(YOUR TASK) Set the material down again exactly, line by line, skipping each picture.
%%
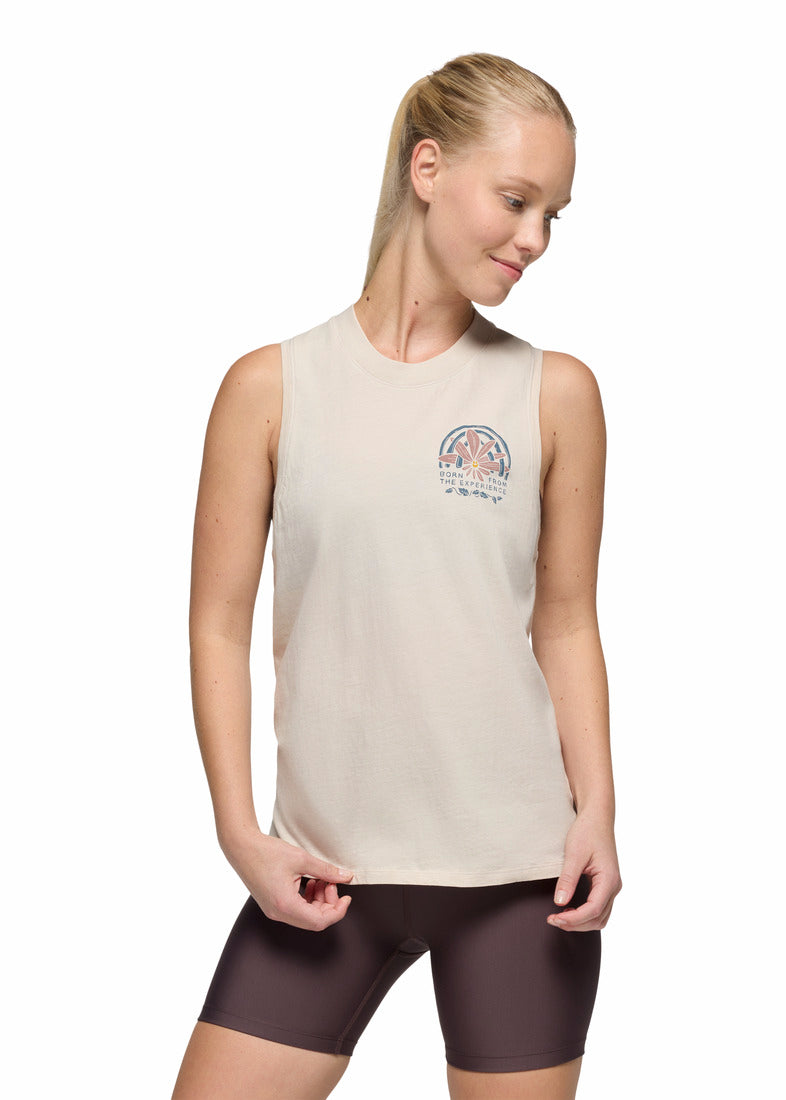 PrAna Everyday Graphic Tank - Womens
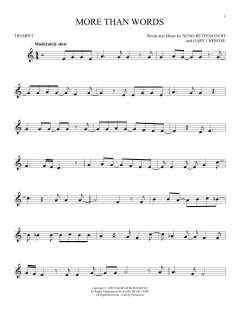 More Than Words (Download) 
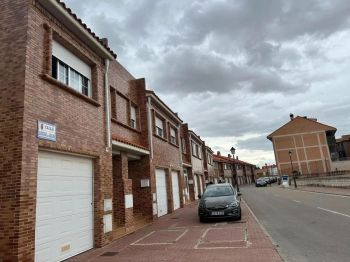 Imagen Chalet adosado en Agustina de Aragón, 3, La Muela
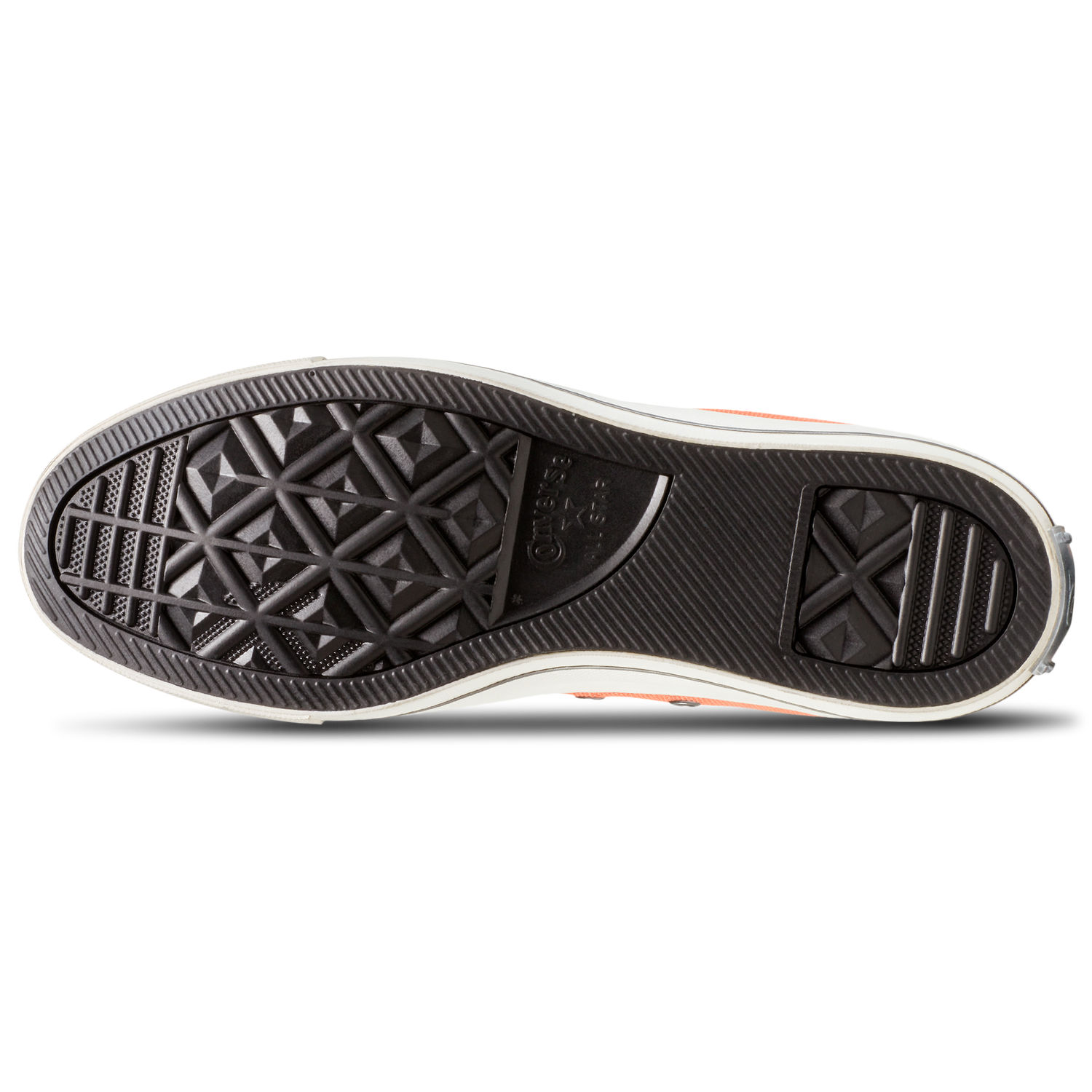 Converse X Naruto CTAS Hi - Men's - Pale Magma/Black/Egret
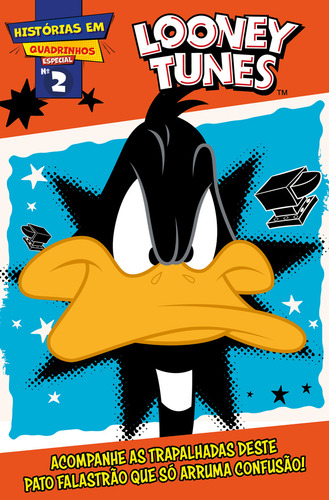 Looney Tunes Em Quadrinhos Especial Edição 02 - On Line Editora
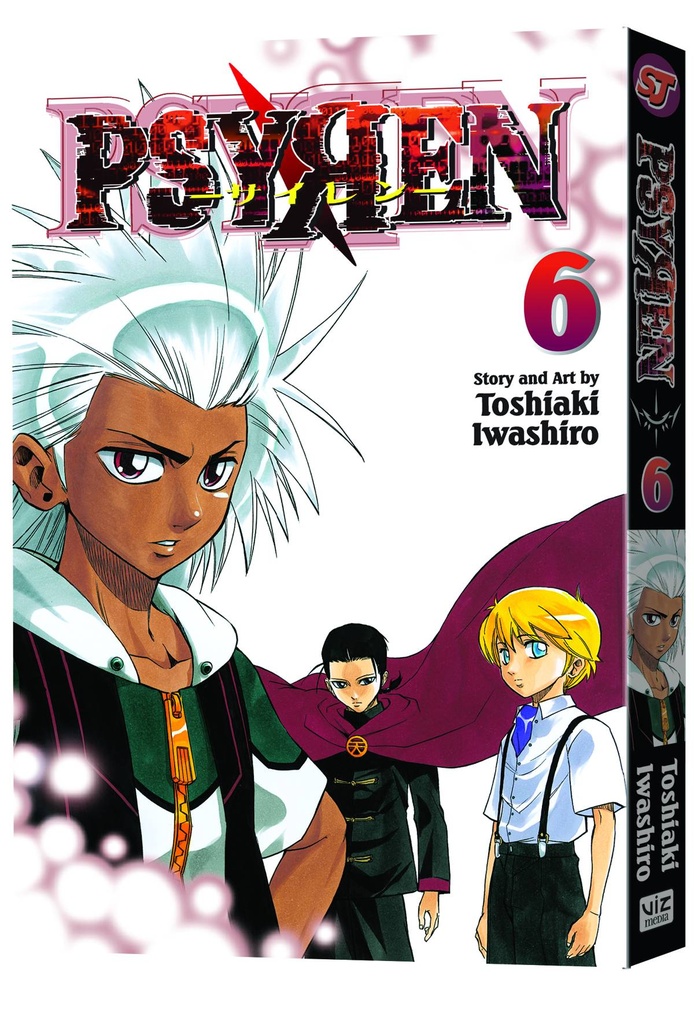 PSYREN 06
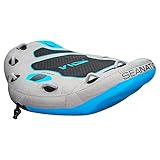 ★ Boston Ventil (Zwei-Wege-Schraubventil) zum schnellen Aufpumpen und Ablassen der Luft ★ Lieferumfang: Flink Two inkl. Tragetasche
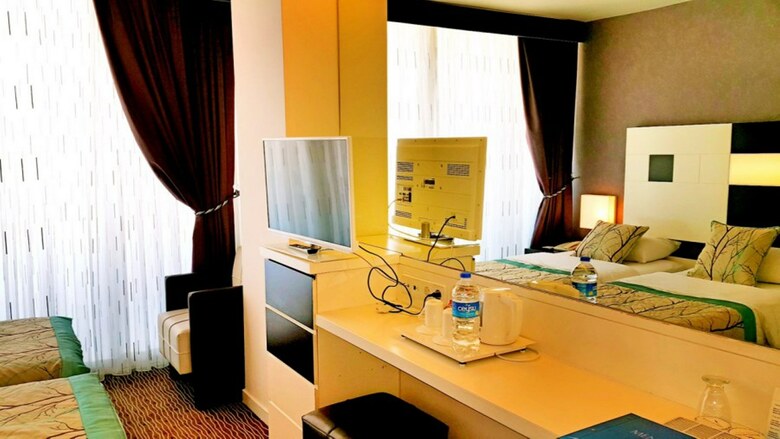 Hotel Blue Garden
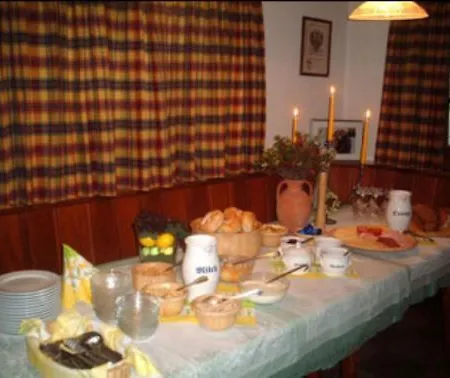 Hohe Salve Gasthof Westendorf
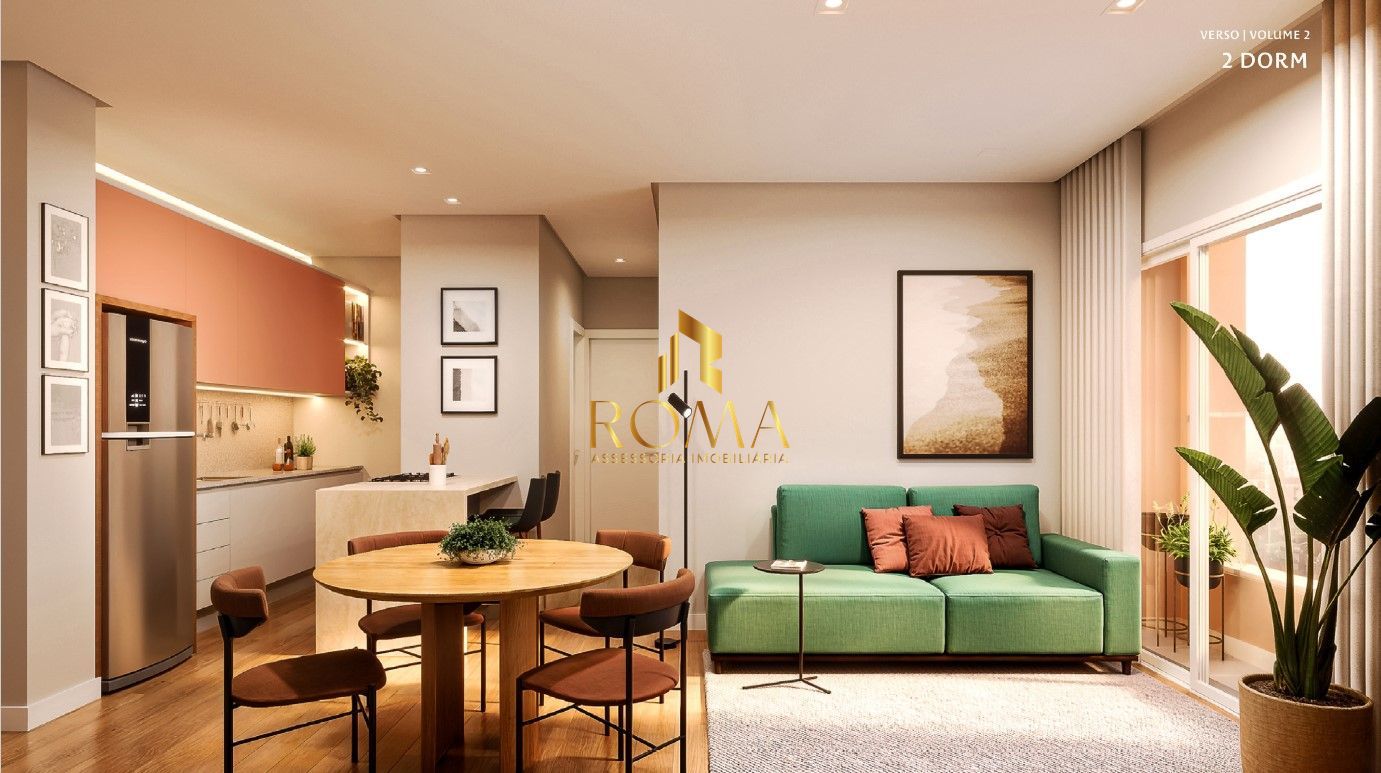 Apartamento, 2 quartos, 56 m² - Foto 6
%%
(RESULT OF THE EXERCISE)
 PrAna Everyday Graphic Tank - Womens
 More Than Words (Download) 
 Imagen Chalet adosado en Agustina de Aragón, 3, La Muela
 Converse X Naruto CTAS Hi - Men's - Pale Magma/Black/Egret
 Looney Tunes Em Quadrinhos Especial Edição 02 - On Line Editora
 PSYREN 06
 ★ Boston Ventil (Zwei-Wege-Schraubventil) zum schnellen Aufpumpen und Ablassen der Luft ★ Lieferumfang: Flink Two inkl. Tragetasche
 Hotel Blue Garden
 Hohe Salve Gasthof Westendorf
 Apartamento, 2 quartos, 56 m² - Foto 6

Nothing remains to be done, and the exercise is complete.